▶ Work required
The answer should be an exact repeat of the stretch of material below from the line containing "Opvouwbare Tas Restun - AZUL - S/T" through the line containing "Backing, picture 9".

▶ Dataset
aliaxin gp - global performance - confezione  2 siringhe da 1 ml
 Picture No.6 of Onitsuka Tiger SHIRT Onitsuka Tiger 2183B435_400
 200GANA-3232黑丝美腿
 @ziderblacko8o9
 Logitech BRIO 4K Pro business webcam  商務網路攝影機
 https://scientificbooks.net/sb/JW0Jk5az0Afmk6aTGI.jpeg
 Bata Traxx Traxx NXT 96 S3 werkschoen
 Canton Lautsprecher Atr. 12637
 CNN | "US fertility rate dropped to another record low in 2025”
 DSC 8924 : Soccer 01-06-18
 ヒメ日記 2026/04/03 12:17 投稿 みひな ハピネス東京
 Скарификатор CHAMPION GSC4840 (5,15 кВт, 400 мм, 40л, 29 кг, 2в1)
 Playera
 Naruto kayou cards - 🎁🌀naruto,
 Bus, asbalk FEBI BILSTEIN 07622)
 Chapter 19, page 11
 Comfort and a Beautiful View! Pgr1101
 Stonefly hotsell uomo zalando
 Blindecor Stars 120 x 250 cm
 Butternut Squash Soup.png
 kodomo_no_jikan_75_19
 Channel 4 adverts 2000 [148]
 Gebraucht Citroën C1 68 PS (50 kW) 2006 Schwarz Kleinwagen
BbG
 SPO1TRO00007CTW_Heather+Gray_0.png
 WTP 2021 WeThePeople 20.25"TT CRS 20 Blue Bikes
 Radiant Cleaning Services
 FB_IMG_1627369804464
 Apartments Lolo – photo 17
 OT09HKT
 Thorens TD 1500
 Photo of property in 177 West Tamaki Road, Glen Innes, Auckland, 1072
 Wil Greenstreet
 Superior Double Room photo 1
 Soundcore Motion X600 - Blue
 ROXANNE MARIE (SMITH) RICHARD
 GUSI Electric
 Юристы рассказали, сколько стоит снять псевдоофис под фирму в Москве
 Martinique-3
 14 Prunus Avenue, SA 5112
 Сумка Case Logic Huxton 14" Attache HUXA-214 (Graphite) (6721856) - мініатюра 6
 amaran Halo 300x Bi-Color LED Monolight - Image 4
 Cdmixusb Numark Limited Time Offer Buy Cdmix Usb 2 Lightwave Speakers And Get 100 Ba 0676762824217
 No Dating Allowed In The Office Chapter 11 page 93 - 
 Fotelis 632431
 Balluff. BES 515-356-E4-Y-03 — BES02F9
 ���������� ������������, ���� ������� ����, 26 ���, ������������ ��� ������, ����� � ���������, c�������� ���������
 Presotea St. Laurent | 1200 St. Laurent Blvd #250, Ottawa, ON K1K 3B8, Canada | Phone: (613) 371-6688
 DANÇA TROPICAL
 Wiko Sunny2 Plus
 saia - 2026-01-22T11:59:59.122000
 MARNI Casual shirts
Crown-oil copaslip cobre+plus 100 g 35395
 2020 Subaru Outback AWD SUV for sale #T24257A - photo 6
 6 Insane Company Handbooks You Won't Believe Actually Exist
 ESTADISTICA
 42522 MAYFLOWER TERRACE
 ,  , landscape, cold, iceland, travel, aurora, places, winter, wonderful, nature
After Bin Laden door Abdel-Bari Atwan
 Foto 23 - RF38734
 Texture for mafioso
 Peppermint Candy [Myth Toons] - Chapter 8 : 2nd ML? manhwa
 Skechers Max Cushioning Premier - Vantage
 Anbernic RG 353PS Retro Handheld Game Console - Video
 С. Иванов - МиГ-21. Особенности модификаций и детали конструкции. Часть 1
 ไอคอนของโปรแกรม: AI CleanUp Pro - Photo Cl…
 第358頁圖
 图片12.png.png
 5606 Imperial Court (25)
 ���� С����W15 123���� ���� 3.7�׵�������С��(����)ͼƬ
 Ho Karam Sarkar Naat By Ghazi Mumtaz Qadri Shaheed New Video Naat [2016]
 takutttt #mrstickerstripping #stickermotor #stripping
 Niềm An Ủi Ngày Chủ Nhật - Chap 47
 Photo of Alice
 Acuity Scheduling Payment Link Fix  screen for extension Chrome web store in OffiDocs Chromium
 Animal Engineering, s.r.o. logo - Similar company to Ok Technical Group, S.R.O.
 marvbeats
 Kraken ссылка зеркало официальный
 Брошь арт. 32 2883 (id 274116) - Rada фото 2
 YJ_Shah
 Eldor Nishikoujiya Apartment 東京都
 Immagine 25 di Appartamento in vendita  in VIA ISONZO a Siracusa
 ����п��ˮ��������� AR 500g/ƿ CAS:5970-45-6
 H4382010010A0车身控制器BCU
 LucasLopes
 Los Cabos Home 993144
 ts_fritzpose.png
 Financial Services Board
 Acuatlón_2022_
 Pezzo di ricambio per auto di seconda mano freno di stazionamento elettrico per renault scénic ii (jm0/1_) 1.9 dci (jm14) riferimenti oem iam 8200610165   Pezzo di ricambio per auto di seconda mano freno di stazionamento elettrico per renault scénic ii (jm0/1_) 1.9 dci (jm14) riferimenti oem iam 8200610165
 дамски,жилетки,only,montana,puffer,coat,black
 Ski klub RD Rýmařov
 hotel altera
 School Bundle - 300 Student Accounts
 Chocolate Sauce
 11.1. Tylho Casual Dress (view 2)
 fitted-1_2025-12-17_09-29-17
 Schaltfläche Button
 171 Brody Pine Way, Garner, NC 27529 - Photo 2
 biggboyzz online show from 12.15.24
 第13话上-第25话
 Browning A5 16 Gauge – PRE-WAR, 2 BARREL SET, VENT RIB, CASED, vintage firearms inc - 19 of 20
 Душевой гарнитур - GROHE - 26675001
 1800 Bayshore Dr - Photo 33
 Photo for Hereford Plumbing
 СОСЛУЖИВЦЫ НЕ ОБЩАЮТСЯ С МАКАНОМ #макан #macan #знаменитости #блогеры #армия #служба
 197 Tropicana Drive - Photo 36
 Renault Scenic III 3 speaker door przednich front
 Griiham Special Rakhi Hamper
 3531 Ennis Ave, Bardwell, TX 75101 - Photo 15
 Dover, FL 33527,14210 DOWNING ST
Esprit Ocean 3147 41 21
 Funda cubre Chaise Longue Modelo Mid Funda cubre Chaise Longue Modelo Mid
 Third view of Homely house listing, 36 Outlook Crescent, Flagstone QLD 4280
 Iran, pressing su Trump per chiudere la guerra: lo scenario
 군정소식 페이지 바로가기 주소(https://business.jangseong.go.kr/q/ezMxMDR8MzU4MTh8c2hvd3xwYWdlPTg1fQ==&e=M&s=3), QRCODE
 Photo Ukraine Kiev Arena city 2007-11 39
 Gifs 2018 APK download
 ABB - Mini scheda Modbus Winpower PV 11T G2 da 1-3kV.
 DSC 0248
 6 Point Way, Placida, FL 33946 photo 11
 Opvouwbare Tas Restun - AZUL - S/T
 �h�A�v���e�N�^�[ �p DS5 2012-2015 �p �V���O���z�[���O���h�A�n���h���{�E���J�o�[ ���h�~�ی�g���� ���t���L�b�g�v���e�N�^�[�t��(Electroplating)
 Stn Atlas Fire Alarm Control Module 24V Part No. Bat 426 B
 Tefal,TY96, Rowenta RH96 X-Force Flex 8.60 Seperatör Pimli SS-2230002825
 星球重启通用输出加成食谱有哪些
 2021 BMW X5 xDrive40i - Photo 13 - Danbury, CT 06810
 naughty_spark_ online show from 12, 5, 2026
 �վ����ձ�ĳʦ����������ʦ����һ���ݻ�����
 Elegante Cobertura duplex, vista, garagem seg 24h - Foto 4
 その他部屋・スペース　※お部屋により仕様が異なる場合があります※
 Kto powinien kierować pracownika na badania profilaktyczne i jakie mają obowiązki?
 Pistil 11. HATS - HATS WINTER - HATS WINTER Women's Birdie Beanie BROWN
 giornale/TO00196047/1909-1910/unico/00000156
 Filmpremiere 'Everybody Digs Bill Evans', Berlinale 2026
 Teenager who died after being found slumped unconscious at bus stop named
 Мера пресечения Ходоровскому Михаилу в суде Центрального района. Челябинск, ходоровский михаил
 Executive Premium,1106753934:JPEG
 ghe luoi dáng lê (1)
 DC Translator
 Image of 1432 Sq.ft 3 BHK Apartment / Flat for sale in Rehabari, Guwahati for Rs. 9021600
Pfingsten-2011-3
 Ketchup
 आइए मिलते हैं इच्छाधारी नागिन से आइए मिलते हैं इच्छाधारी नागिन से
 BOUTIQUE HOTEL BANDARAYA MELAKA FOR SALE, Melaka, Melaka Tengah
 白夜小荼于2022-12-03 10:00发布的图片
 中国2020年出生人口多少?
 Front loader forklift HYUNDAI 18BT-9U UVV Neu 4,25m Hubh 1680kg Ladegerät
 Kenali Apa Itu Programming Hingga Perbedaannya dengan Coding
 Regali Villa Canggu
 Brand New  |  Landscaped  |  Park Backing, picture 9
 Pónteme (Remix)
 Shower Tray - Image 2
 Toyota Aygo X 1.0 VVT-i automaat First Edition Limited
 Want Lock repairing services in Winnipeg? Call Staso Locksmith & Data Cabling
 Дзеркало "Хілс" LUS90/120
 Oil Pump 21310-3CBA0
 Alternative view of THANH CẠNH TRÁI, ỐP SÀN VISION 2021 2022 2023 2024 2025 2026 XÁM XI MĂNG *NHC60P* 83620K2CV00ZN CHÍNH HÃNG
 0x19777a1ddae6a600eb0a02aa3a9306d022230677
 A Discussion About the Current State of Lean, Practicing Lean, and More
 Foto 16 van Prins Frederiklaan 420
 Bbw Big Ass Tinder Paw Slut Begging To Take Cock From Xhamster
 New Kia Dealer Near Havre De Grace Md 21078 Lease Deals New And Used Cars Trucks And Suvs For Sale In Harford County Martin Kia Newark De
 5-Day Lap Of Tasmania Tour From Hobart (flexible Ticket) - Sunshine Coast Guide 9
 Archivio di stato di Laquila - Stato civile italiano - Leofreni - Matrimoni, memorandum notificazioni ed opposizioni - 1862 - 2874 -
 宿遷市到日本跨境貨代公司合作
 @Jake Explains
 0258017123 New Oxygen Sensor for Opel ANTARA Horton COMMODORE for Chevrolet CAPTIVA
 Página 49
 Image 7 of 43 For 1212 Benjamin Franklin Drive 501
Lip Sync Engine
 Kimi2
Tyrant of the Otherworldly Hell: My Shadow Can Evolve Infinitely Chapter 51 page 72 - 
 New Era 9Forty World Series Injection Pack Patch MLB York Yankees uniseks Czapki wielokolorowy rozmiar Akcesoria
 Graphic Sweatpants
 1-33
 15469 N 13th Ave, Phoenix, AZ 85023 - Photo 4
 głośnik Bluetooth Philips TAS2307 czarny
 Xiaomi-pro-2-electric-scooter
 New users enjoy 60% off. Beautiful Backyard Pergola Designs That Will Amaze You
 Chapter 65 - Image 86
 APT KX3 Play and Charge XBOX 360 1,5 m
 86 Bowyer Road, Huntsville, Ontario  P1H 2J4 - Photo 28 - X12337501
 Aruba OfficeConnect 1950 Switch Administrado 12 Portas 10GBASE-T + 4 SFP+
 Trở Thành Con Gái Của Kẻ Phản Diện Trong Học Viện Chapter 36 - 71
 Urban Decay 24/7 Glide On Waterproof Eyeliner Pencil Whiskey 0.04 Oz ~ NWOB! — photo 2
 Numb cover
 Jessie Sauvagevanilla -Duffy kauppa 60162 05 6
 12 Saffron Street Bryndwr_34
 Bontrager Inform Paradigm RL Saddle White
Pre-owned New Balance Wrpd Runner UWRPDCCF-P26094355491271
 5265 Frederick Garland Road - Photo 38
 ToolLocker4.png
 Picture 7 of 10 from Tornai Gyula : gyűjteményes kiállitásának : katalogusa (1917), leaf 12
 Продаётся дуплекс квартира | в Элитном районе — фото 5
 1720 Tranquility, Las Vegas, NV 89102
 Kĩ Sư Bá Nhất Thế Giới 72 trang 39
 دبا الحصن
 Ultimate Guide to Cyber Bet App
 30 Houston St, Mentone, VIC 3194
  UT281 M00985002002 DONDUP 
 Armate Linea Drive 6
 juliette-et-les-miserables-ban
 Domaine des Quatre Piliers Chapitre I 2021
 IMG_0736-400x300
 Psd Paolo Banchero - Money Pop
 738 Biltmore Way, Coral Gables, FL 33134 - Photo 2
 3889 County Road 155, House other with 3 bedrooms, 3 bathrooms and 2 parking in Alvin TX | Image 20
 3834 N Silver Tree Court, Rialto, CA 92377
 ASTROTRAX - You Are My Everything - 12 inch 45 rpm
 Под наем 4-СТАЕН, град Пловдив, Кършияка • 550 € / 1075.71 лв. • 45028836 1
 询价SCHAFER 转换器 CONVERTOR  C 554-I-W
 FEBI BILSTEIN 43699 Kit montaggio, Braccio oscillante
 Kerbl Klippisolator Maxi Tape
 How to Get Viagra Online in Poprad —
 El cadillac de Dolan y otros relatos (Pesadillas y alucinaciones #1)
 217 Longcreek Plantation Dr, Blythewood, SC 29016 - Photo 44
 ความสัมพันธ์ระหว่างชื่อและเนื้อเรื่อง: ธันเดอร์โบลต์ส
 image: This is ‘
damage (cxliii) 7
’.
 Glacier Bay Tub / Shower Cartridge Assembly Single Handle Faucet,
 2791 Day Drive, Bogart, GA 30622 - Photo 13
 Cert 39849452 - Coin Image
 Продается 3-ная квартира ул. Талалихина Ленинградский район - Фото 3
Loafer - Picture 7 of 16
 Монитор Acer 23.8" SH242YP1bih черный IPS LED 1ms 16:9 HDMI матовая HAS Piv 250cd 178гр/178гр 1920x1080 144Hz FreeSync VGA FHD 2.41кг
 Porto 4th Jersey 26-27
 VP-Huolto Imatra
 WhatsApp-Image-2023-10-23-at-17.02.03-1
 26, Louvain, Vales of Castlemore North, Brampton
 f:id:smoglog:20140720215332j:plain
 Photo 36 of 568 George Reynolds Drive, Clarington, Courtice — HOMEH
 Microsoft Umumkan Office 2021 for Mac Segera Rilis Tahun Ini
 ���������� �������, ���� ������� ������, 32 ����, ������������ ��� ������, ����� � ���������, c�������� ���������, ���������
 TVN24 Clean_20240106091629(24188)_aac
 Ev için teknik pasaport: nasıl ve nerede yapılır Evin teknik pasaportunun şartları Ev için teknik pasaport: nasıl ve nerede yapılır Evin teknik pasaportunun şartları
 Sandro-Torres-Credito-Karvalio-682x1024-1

▶ Answer
 Opvouwbare Tas Restun - AZUL - S/T
 �h�A�v���e�N�^�[ �p DS5 2012-2015 �p �V���O���z�[���O���h�A�n���h���{�E���J�o�[ ���h�~�ی�g���� ���t���L�b�g�v���e�N�^�[�t��(Electroplating)
 Stn Atlas Fire Alarm Control Module 24V Part No. Bat 426 B
 Tefal,TY96, Rowenta RH96 X-Force Flex 8.60 Seperatör Pimli SS-2230002825
 星球重启通用输出加成食谱有哪些
 2021 BMW X5 xDrive40i - Photo 13 - Danbury, CT 06810
 naughty_spark_ online show from 12, 5, 2026
 �վ����ձ�ĳʦ����������ʦ����һ���ݻ�����
 Elegante Cobertura duplex, vista, garagem seg 24h - Foto 4
 その他部屋・スペース　※お部屋により仕様が異なる場合があります※
 Kto powinien kierować pracownika na badania profilaktyczne i jakie mają obowiązki?
 Pistil 11. HATS - HATS WINTER - HATS WINTER Women's Birdie Beanie BROWN
 giornale/TO00196047/1909-1910/unico/00000156
 Filmpremiere 'Everybody Digs Bill Evans', Berlinale 2026
 Teenager who died after being found slumped unconscious at bus stop named
 Мера пресечения Ходоровскому Михаилу в суде Центрального района. Челябинск, ходоровский михаил
 Executive Premium,1106753934:JPEG
 ghe luoi dáng lê (1)
 DC Translator
 Image of 1432 Sq.ft 3 BHK Apartment / Flat for sale in Rehabari, Guwahati for Rs. 9021600
Pfingsten-2011-3
 Ketchup
 आइए मिलते हैं इच्छाधारी नागिन से आइए मिलते हैं इच्छाधारी नागिन से
 BOUTIQUE HOTEL BANDARAYA MELAKA FOR SALE, Melaka, Melaka Tengah
 白夜小荼于2022-12-03 10:00发布的图片
 中国2020年出生人口多少?
 Front loader forklift HYUNDAI 18BT-9U UVV Neu 4,25m Hubh 1680kg Ladegerät
 Kenali Apa Itu Programming Hingga Perbedaannya dengan Coding
 Regali Villa Canggu
 Brand New  |  Landscaped  |  Park Backing, picture 9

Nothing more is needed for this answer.